Commanders and leaders
- George Kantakouzenos Giorgakis Olympios Yiannis Pharmakis Athanasios Agrafiotis: Unknown

Strength
- 400–500: 5,000

Casualties and losses
- 375: Unknown

= Battle of Sculeni =

Battle of the Greek War of Independence

The Battle of Sculeni was fought on 29 June 1821 in Sculeni, Moldavia between Ottoman forces and the Greek revolutionary forces raised by the Filiki Eteria led by Prince George Katakouzenos. The battle came about as the result of Ottoman reprisals for Alexander Ypsilantis' expedition in the two Danubian Principalities, and followed in the aftermath of the Battle of Drăgășani. When the Ottomans crossed the Bahlui River in Iaşi on 25 June 1821, Lieutenant Catakouzenos and his forces, originally stationed on the Russian frontier, crossed the Prut River.

==Battle==
The Ottomans possessed a military that outnumbered the Greeks at approximately ten to one. Catacouzenos imitated the retreat of Ypsilantis to the Austrian Empire after Drăgășani, by fleeing to Russia. However, his forces, made up of around 500 young Greek soldiers (Edwin Emerson places the number at 400 soldiers), wanted to stay and fight against the Ottoman Empire.
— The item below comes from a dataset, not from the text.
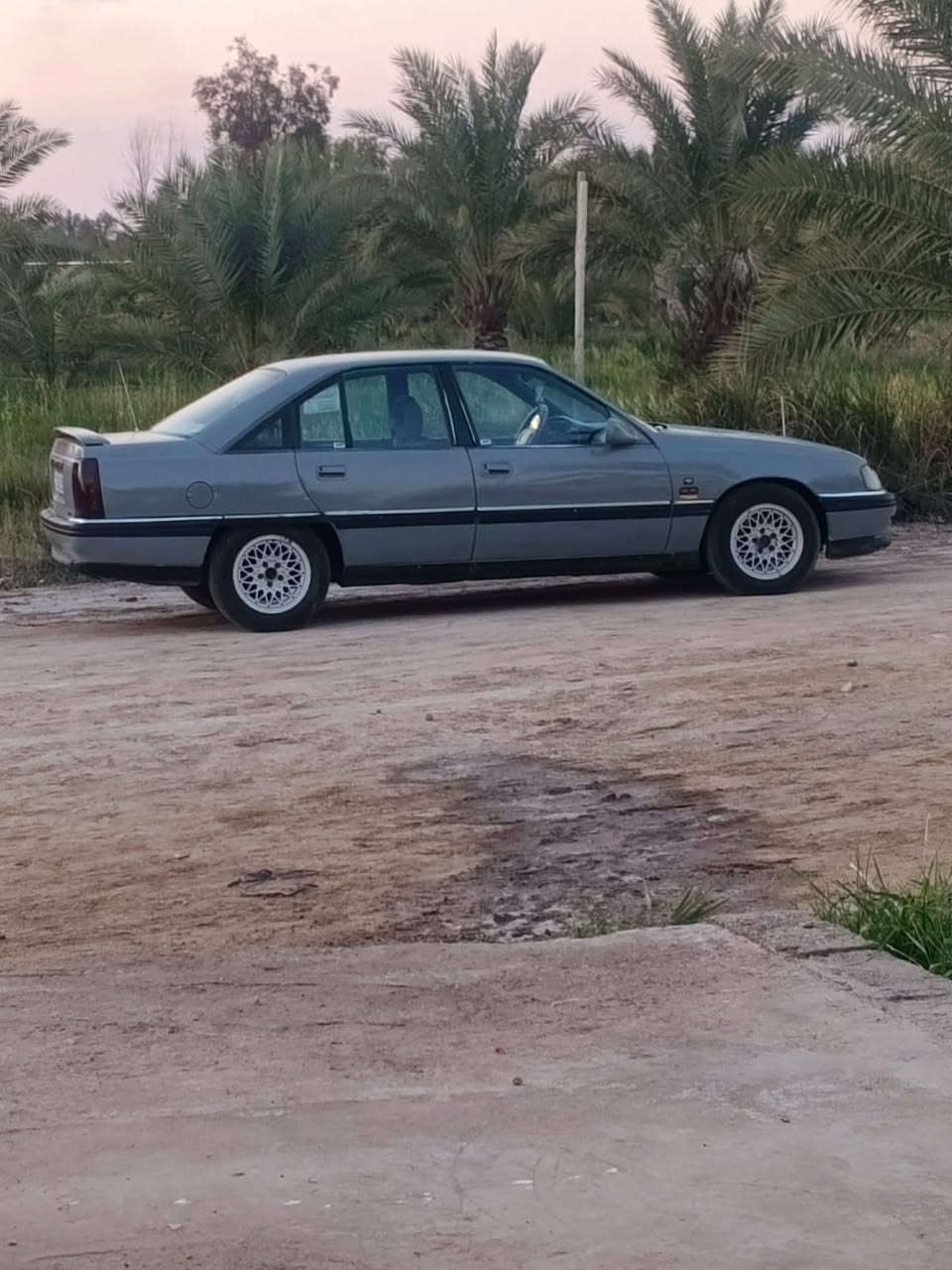 السلام عليكم اوبل اوميكا 6 سلندر رقم انبار انكليزي جاهزه مكان الفلوجه هزه جديده سنوية ل ٣١ بأسمي تحويل ثاني يوم صبغ عام جماليه بدون ضربه أو خياس تبريد نقص غاز صدرها جديد ب ٣٥ رقم ***********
During the battle, approximately one-fourth of the Greek army fled by swimming across the Prut. The remaining soldiers continued to fight until they were either killed by the Ottomans or drowned in the river. Giorgakis Olympios, a military leader who commanded an army in Wallachia, was garrisoned in the Moldavian Secu Monastery; Giorgakis fought until the Ottomans stormed the monastery and forced him to light powder kegs from which he perished in the explosion. However, Giorgakis had a Macedonian comrade by the name of Yiannis Pharmakis, who continued the fight for a fortnight longer. In the end, on 4 October 1821, Pharmakis surrendered on the promise that his life would be spared. The promise was not kept by the Ottomans, and Pharmakis was ultimately decapitated in Constantinople.

==Aftermath==
After the battle, all Greek uprisings in the Danubian Principalities and other northern areas subject to the Ottoman Empire ceased. However, the primary task, which was to divert significant Ottoman military forces at all costs towards the Northern Balkans, that would otherwise be used to fight and crush the Greek War of Independence in the South, was accomplished.

==General references==
- Ghervas, Stella (2008). "Réinventer la tradition. Alexandre Stourdza et l'Europe de la Sainte-Alliance"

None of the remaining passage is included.